(DATA SUPPLIED)
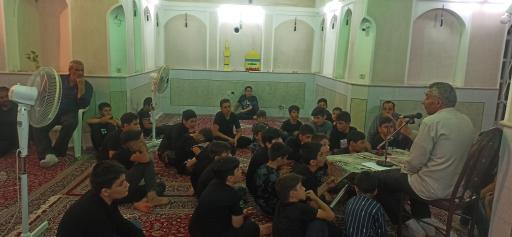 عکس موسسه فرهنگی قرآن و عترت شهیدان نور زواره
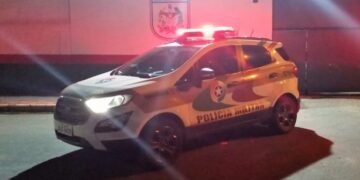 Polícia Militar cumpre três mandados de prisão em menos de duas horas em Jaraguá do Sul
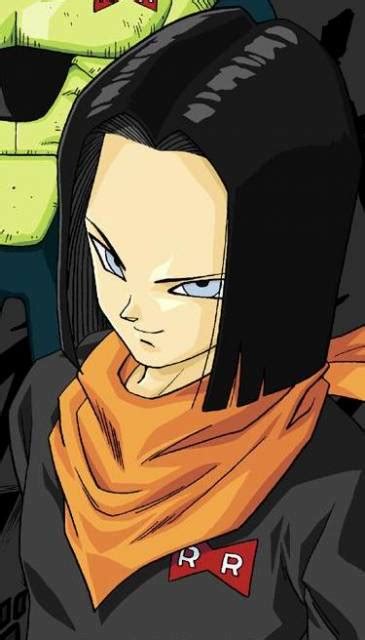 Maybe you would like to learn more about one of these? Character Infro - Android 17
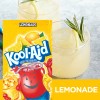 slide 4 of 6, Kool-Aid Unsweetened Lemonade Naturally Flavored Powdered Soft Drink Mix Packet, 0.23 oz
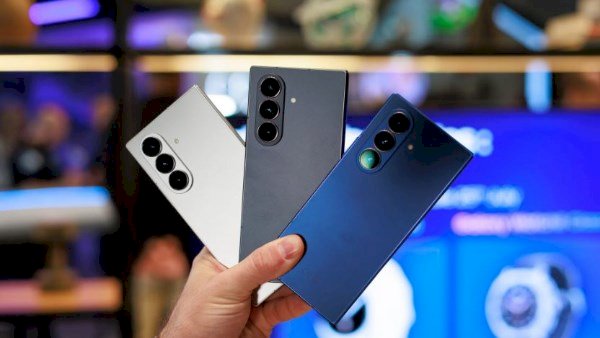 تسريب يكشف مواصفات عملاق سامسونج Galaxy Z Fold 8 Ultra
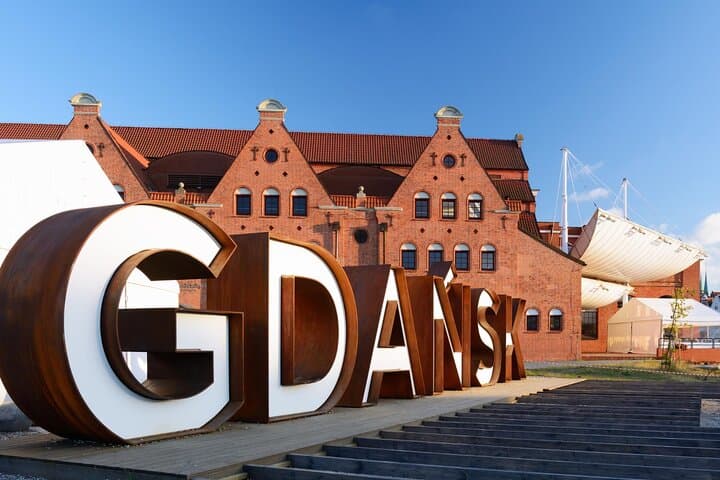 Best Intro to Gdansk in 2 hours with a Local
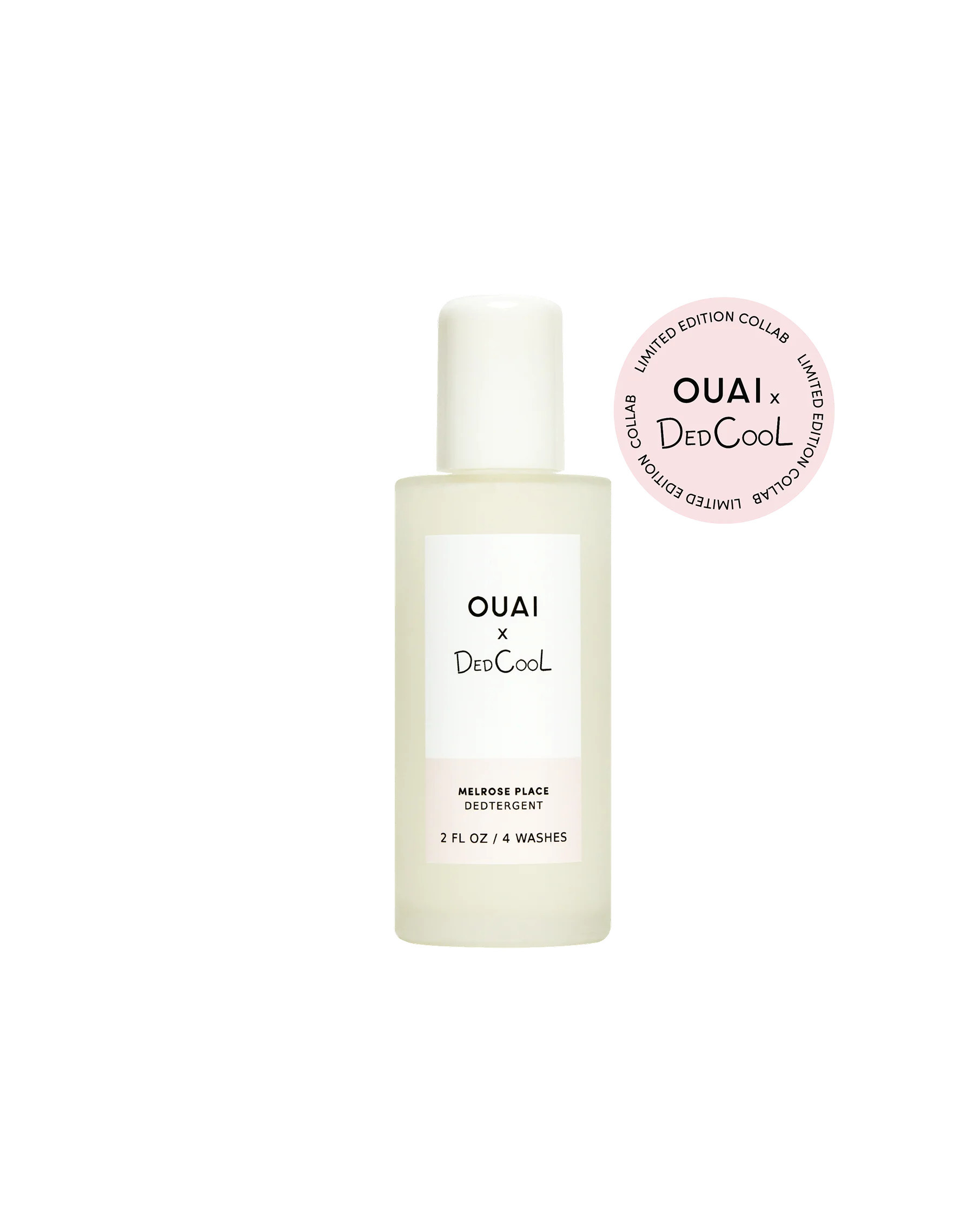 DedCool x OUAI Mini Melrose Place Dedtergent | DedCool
(End DATA SUPPLIED)
[PROBLEM TO WORK ON] Every line of the listing should be repeated exactly; no picture should appear.

[SOLVED PROBLEM]
 عکس موسسه فرهنگی قرآن و عترت شهیدان نور زواره
 Polícia Militar cumpre três mandados de prisão em menos de duas horas em Jaraguá do Sul
 Maybe you would like to learn more about one of these? Character Infro - Android 17
 slide 4 of 6, Kool-Aid Unsweetened Lemonade Naturally Flavored Powdered Soft Drink Mix Packet, 0.23 oz
 تسريب يكشف مواصفات عملاق سامسونج Galaxy Z Fold 8 Ultra
 Best Intro to Gdansk in 2 hours with a Local
 DedCool x OUAI Mini Melrose Place Dedtergent | DedCool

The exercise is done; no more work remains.